_What you are asked to do:_ Your output should be the entries below, from the first line up to and including the line with "1621 Ronald DR, Suffolk, VA 23434", reproduced exactly and with no other lines.
**** Listed entries
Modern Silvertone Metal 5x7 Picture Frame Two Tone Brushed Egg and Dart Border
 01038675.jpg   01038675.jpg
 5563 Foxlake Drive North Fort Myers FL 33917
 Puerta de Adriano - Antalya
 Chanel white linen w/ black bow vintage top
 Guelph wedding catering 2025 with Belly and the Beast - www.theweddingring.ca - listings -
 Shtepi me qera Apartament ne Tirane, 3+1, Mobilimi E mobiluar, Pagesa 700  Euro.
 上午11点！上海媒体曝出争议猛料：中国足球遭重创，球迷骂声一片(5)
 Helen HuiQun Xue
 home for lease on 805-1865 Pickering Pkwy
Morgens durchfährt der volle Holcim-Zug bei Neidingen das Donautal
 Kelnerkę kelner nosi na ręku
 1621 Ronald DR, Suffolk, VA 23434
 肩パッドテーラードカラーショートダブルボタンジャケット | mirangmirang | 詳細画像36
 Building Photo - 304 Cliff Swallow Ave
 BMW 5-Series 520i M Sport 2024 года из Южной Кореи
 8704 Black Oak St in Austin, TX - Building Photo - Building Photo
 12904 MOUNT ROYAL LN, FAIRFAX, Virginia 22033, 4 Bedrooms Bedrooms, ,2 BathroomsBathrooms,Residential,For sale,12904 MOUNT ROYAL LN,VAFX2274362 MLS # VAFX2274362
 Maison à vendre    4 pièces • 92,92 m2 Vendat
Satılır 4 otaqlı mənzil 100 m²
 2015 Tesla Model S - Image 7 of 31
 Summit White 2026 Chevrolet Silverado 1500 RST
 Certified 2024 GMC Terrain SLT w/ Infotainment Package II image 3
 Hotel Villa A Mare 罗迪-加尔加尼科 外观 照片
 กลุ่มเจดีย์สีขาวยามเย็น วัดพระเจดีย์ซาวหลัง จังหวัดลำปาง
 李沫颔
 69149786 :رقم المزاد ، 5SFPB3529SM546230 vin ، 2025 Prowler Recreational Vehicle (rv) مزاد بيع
********
_Result:_
Modern Silvertone Metal 5x7 Picture Frame Two Tone Brushed Egg and Dart Border
 01038675.jpg   01038675.jpg
 5563 Foxlake Drive North Fort Myers FL 33917
 Puerta de Adriano - Antalya
 Chanel white linen w/ black bow vintage top
 Guelph wedding catering 2025 with Belly and the Beast - www.theweddingring.ca - listings -
 Shtepi me qera Apartament ne Tirane, 3+1, Mobilimi E mobiluar, Pagesa 700  Euro.
 上午11点！上海媒体曝出争议猛料：中国足球遭重创，球迷骂声一片(5)
 Helen HuiQun Xue
 home for lease on 805-1865 Pickering Pkwy
Morgens durchfährt der volle Holcim-Zug bei Neidingen das Donautal
 Kelnerkę kelner nosi na ręku
 1621 Ronald DR, Suffolk, VA 23434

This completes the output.